A bipartite matching is a matching in a bipartite graph. Bipartite matching theory studies how vertices in one part of the graph can be paired with vertices in the other part without conflicts. The subject combines combinatorics, graph algorithms, optimization, and linear programming. (en.wikipedia.org)

Bipartite matchings model assignment problems. Workers are assigned to jobs, students to schools, tasks to processors, or resources to requests. The graph encodes compatibility constraints, while the matching represents a valid assignment.

The theory is especially important because bipartite matching problems admit elegant structural theorems and efficient algorithms.

59.1 Bipartite Graphs

A graph

G = (X \cup Y,E)

is bipartite if:

X \cap Y = \varnothing,

and every edge joins a vertex in $X$ to a vertex in $Y$ .

The sets $X$ and $Y$ are called the partite sets.

No edge joins two vertices within the same part.

For example,

X=\{x_1,x_2,x_3\}, \qquad Y=\{y_1,y_2,y_3\},

with edges

x_1y_1, \quad x_1y_2, \quad x_2y_2, \quad x_3y_3

defines a bipartite graph.

Bipartite graphs are characterized by the absence of odd cycles. (en.wikipedia.org)

59.2 Matchings in Bipartite Graphs

A matching

M \subseteq E

is a set of edges such that no two edges share a vertex.

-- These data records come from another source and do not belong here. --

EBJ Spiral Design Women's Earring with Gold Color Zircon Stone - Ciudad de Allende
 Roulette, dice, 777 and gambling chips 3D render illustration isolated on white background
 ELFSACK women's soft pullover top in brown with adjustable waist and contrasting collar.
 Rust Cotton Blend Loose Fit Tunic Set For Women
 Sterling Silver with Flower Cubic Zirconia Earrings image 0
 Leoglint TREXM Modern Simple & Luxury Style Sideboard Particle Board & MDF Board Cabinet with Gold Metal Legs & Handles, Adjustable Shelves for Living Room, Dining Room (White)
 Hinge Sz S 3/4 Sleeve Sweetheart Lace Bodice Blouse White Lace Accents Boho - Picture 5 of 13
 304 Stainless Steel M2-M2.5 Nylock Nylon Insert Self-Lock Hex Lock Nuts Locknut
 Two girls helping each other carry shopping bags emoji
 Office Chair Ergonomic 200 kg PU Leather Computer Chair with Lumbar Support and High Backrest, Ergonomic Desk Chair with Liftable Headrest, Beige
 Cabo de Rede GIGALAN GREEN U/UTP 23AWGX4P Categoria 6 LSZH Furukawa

In a bipartite graph, a matching pairs vertices from $X$ with vertices from $Y$ .

Each vertex can participate in at most one chosen edge.

For example,

M= \{ x_1y_1, x_2y_2, x_3y_3 \}

is a matching if the three edges are distinct and vertex-disjoint.

The matching is perfect if every vertex is matched.

The matching saturates $X$ if every vertex in $X$ is matched.

59.3 Maximum Bipartite Matching

A maximum bipartite matching is a matching of largest possible size.

Its size is denoted by

\nu(G).

The problem of finding a maximum matching is one of the fundamental optimization problems in graph theory.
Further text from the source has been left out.